Hey, look, two nights in a row. I’m sitting in the living room watching Real Time with Bill Maher. I may not agree with every thing he says but at least he says rude things about the right-wing fundy schmucks. I watched 60 Minutes Sunday night and I have really tended to respect their journalistic integrity in the past, but their piece on the evangelicals’ views on Revelations and Armageddon just really burned my britches. Their idea of balance is to talk to the liberal Baptist from the Harvard Theological Seminary. They acted like the Bible deserved respect as prophecy and it was just a difference of interpretation. Where were the skeptics who could tell you about the endtimes stories in every myth-system, and could tell you about how prophesies are formulated and interpreted, and who could talk about how and why Revelations was written, and about the dangers of provoking war in the Middle East in order to bring about the Rapture? I’m no expert but I could’ve done a better job refuting these fundy nutbags than anyone they bothered to interview. As extreme as they seemed in the report, they are even more extreme than that and good old Morley wasn’t nearly as attack dog as he could have been. Well, enough of that. Talk to y’all tomorrow.
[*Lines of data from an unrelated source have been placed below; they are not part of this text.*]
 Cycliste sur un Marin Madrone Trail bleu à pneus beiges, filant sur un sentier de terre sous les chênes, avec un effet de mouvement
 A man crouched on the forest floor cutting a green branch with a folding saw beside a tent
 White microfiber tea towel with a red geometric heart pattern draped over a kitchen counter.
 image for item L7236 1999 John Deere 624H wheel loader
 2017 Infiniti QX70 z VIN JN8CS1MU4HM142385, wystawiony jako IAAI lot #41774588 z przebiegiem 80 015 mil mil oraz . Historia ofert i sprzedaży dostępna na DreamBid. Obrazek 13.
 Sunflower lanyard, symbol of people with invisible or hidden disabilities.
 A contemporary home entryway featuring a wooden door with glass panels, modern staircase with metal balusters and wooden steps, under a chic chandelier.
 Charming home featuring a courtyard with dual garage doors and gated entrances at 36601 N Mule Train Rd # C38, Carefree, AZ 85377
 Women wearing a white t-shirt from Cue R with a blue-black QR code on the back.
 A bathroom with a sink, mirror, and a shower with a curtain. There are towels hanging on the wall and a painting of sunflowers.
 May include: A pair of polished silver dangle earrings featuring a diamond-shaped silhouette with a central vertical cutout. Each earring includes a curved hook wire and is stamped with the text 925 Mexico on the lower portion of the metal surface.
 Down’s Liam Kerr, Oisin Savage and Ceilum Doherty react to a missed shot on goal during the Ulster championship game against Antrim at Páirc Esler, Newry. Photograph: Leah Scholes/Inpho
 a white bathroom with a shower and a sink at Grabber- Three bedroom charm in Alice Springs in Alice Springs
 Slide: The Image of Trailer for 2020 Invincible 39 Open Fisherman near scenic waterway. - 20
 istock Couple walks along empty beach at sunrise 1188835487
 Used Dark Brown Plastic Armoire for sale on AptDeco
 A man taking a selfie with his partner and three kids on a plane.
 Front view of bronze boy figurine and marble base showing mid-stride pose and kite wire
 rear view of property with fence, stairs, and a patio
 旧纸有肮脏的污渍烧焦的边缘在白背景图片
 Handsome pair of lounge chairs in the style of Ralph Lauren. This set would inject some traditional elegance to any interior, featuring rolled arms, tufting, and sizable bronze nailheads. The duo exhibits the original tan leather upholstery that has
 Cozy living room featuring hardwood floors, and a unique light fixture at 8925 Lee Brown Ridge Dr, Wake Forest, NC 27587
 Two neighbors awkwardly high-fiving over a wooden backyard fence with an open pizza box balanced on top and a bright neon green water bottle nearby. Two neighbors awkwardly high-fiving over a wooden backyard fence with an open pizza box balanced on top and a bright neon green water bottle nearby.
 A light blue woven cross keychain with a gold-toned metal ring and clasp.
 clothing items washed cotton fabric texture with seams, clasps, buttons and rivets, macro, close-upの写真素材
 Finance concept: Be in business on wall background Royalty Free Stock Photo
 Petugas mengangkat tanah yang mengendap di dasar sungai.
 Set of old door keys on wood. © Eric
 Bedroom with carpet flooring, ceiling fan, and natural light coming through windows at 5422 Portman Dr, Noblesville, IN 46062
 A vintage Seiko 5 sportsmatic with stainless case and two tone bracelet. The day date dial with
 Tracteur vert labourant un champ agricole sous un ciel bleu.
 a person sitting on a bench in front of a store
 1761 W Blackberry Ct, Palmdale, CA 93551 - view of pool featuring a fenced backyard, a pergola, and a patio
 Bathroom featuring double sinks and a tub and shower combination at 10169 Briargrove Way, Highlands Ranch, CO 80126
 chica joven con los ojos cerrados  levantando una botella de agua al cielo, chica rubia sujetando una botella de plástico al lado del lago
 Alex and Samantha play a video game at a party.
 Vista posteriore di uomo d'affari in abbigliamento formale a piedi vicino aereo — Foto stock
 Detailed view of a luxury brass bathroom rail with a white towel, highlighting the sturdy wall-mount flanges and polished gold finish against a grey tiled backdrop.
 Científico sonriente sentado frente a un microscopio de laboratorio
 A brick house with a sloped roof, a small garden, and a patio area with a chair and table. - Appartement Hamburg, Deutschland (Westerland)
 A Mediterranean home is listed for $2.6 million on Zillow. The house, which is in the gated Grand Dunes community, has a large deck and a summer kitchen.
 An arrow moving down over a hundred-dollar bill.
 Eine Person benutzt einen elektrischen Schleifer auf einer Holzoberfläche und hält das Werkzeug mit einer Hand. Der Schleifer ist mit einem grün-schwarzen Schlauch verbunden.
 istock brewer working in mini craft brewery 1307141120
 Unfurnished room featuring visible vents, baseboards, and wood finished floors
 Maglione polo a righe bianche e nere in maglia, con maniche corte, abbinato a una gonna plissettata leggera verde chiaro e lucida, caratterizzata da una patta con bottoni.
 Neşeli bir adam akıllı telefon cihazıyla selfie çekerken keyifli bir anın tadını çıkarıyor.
Hola. I just promised myself that I would make an entry in my blog everyday of at least one sentence. So here is today’s entry. This will no longer be my online journal. I was too self-censoring to make it worthwhile, and I was too absorbed with the concern that I write for a full 15 minutes. Too hell with that. This will be short dispatches from your loyal correspondent, and not some ind depth tripe dredged up from my perverted mind. It’s cold and snowy here in the heartland as I stand outside the local elementary school where Jill has basketball practice. I can certainly see why climatologists have such a difficult time selling the theory of global warming. My poor dog has had to be inside for a couple of weeks now because the weather has been so unusually cold that his water dish freezes within a couple of hours. Science may have the epistemological virtue of empiricism, but when science is counter-intuitive it has a hard row to hoe.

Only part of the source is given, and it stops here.